> What you can do though is request accounts created in a certain time range. If you get the time range right, so that it has less than 1000 entries, you can paginate through it, and then request the next time range.
This reminds me of when I tried to add a google drive storage backend to camlistore/perkeep (because I had nearly-unlimited free quota at the time). One of the things a perkeep blobserver needs to be able to do enumerate all the blobs it has, in order. You can send millions of blobs to google drive without issue, but you can't directly paginate a search for them in sorted order.
You could just issue a search for all blobs under your perkeep drive folder, keep paginating the result until you run out of pages, and then sort in memory, but there's really no way of knowing how many blobs you're going to end up with and you might blow out your blobserver's memory.

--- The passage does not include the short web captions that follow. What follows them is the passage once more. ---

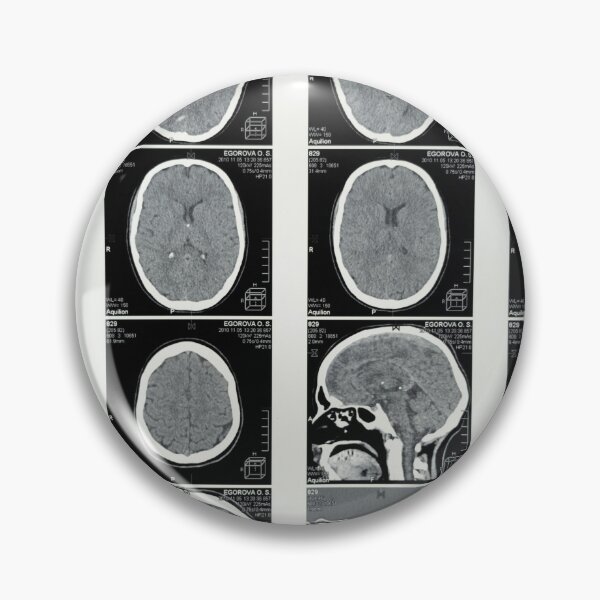 Item preview, Brain MRI designed and sold by brunetteroger99.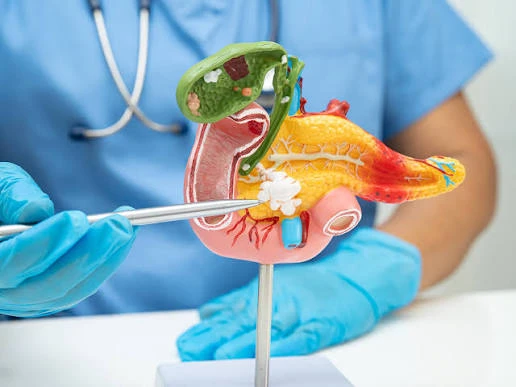 Khám cho nhiều người mắc ung thư tuyến tụy giai đoạn cuối, bác sĩ tiếc nuối: Dấu hiệu xuất hiện sớm nhưng hay bị bỏ qua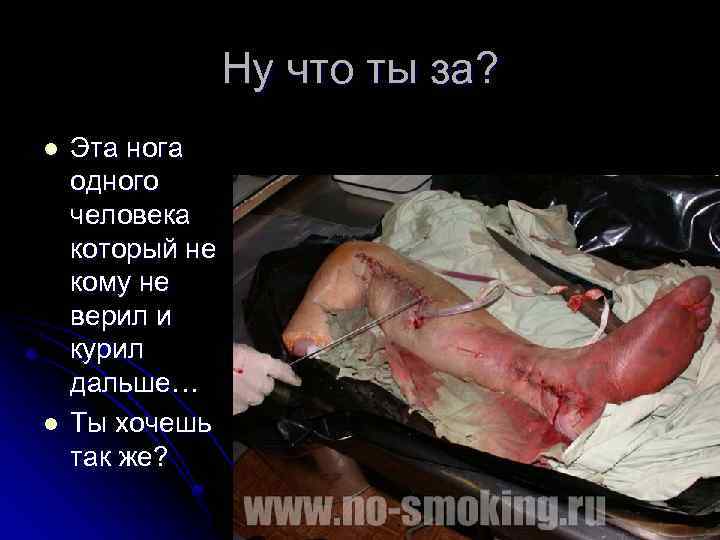 Ну что ты за? l l Эта нога одного человека который не кому не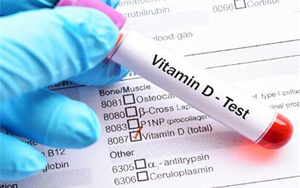 25-羥基維生素D-磁微?；瘜W(xué)發(fā)光法（AE/AP） /熒光免疫層析解決方案（雙抗體夾心法）
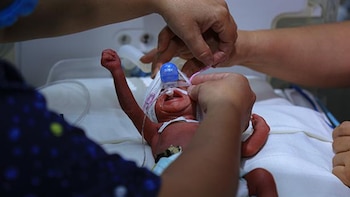 IMSS asegura equipamiento y protocolos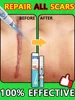 Laser scar repair 1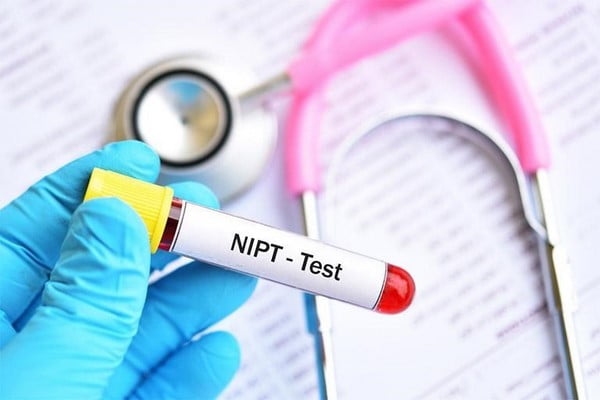 Có cần chuẩn bị gì trước khi thực hiện xét nghiệm NIPT và liệu có đau không?
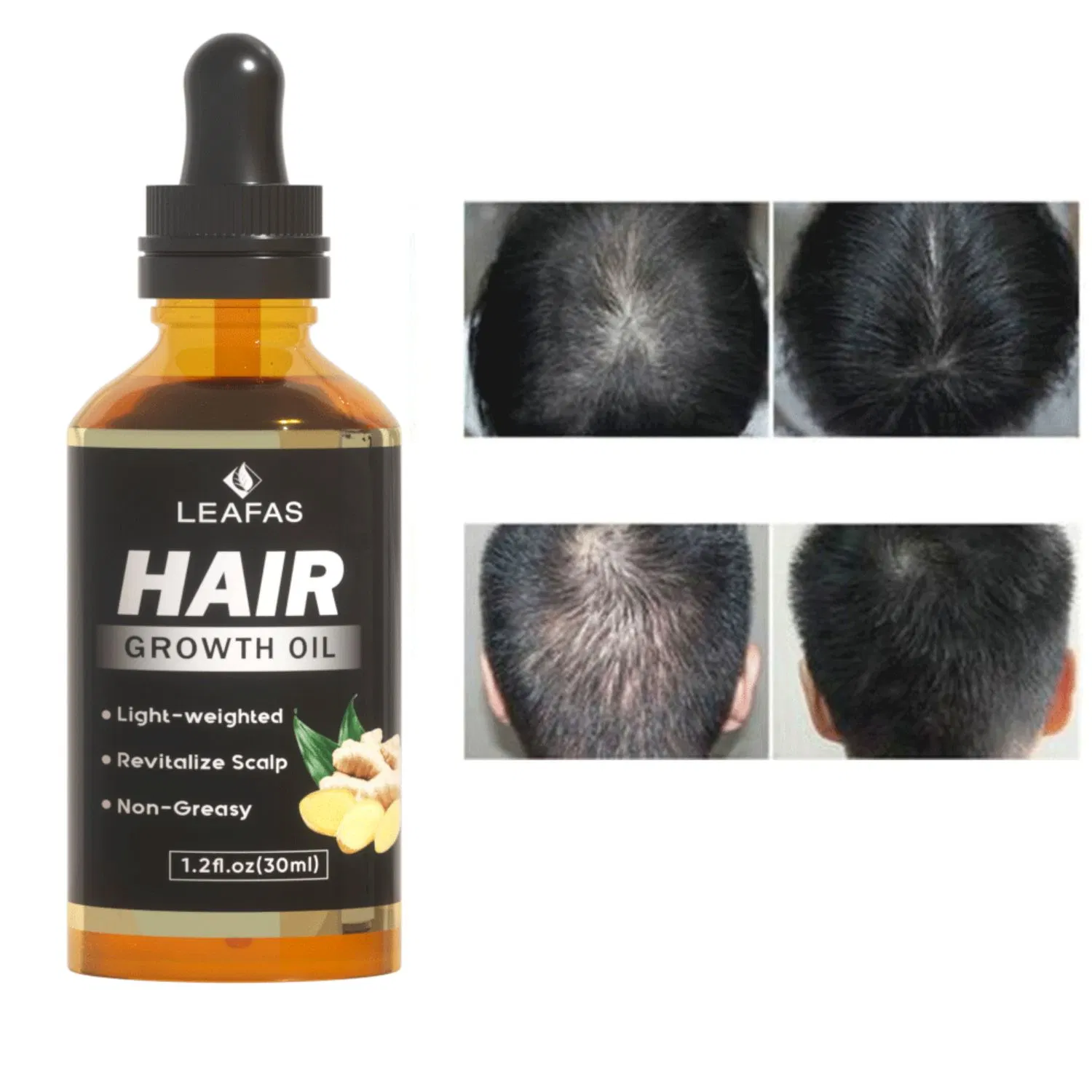 Custom Logo Hair Growth Oil for Men & Women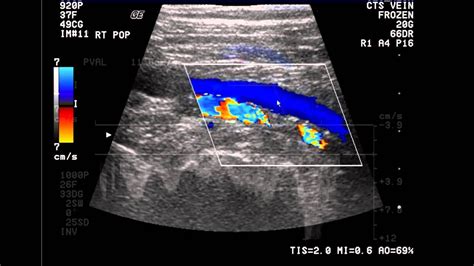 Introduction to the Lower Extremity Venous Doppler Study | Ultrasound, Diagnostic medical ...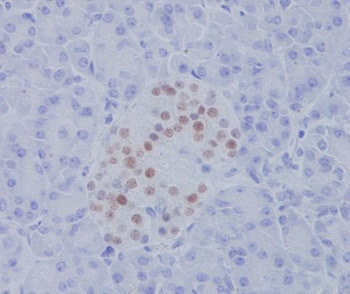 NKX2.2/NKX2 Rabbit Monoclonal Antibody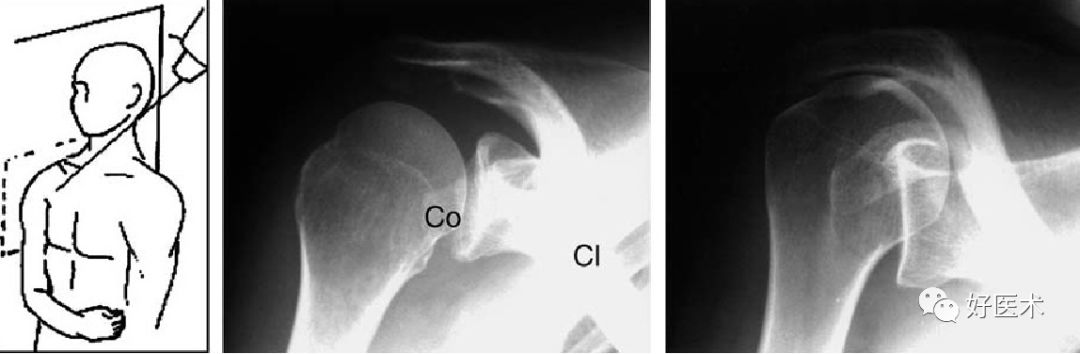 肩关节损伤的影像学诊断-15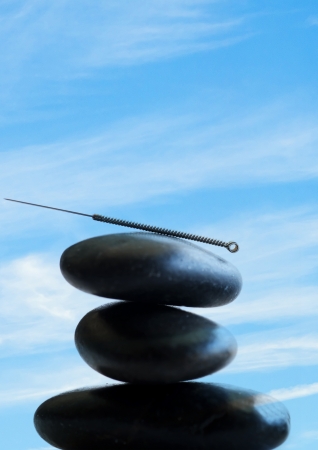Acupuncture needleの写真素材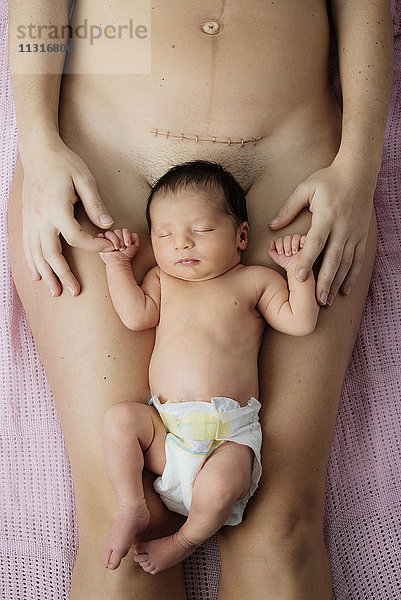 Neugeborenes Mädchen liegt auf den Oberschenkeln der Mutter in der Nähe einer neueren Kaiserschnittnarbe mit Klammern.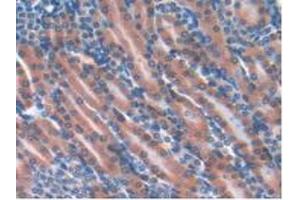 Detection of GPX4 in Mouse Kidney Tissue using Polyclonal Antibody to Glutathione Peroxidase 4 (GPX4) (GPX4 antibody  (AA 74-197))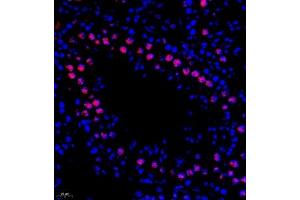 Immunofluorescence of paraffin embedded mouse testis using DNApoldelta3 (ABIN7075130) at dilution of 1:650 (400x lens) (POLD3 antibody)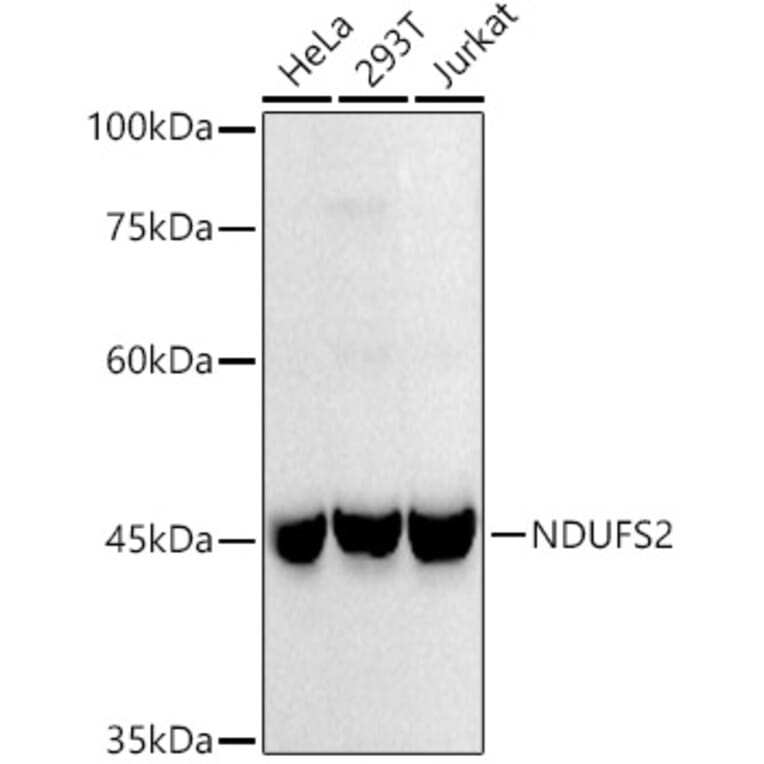 Western Blot - Anti-NDUFS2 Antibody [ARC3018] (A309418) - Antibodies.com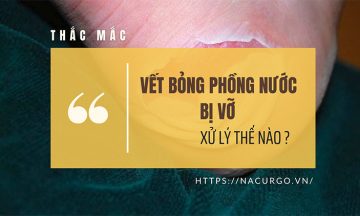 Vết bỏng phỏng nước bị vỡ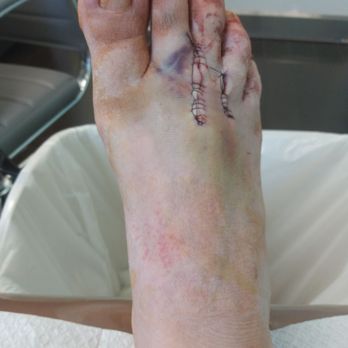 Henry Tseng, DPM - 5 days after nerouma surgery. After Dr tseng took out the two drains - Podiatrists Near Me - West Covina, California Henry Tseng, DPM - 5 days after nerouma surgery. After Dr tseng took out the two drains - Podiatrists Near Me - West Covina, California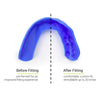 SISU 3D Mouthguard showing before and after fitting.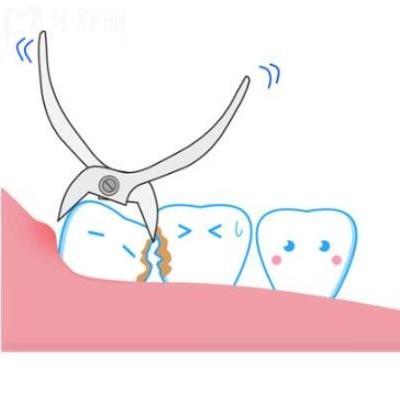 微創(chuàng)拔牙與普通拔牙的區(qū)別,下面深入解析下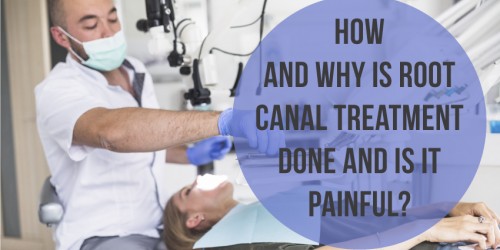 How And Why Is Root Canal Treatment Done And Is It Painful?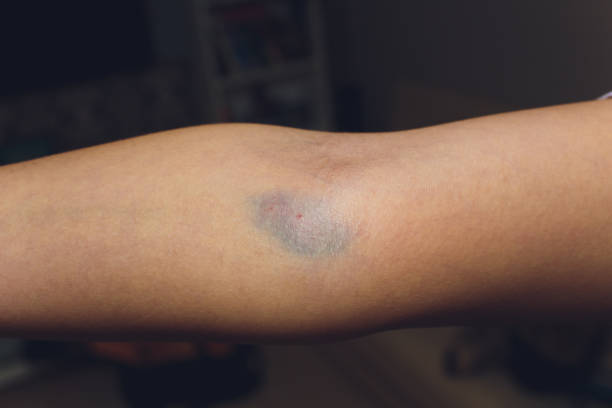 blutergüsse aus der blutentnahme isoliert. purple blutergüsse auf dem arm. - iv bruise stock-fotos und bilder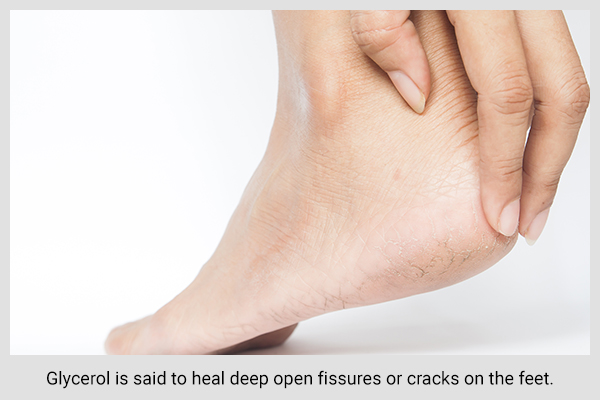 glycerol in glycerin can help heal cracks on the feet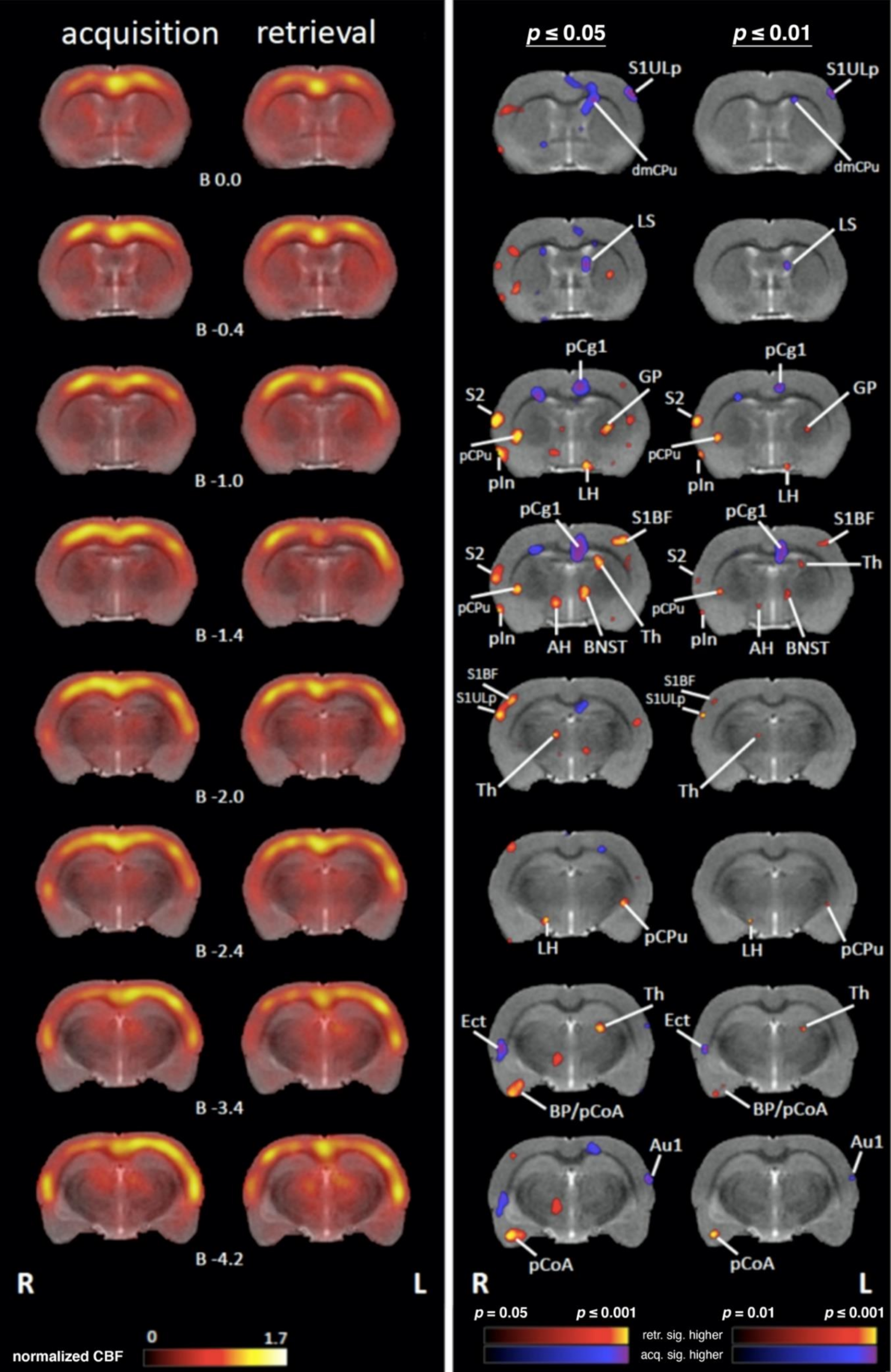 Brain Sciences Free Full Text Imaging Of Functional Brain Circuits During Acquisition And Memory Retrieval In An Aversive Feedback Learning Task Single Photon Emission Computed Tomography Of Regional Cerebral Blood Flow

Perkeep blobs are identified by blobrefs, SHA sums of the contents of the blob, so they look like sha-[0-9a-f]{64}. Google drive lets you search for files with a name prefix, so you can search for like /perkeep/sha-* and see if the result has a pagination token (indicating that there are more than 1000 results), and if so then you search for each of /perkeep/sha-0*, /perkeep/sha-1*, ... , /perkeep/sha-f*, each time checking to see whether there are too many matches. When there's not too many matches, you've found the prefix length that will let you fetch a bounded number of blobrefs, emit them to the perkeep client, and then release the memory before fetching more.
/pk/sha-\* 1000+ results (non-empty pagination token)
/pk/sha-0\* 1000+ results (non-empty pagination token)
/pk/sha-00\* 1000+ results (non-empty pagination token)
/pk/sha-000\* 193 results,
sort these in memory and emit to client
/pk/sha-001\* 179 results,
sort these in memory and emit to client
...
/pk/sha-fff\* 223 results,
sort these in memory and emit to client
I didn't end up landing the patch before I lost interest, partly because it was pretty much the first golang I had tried writing. It was fun working out the above details, though.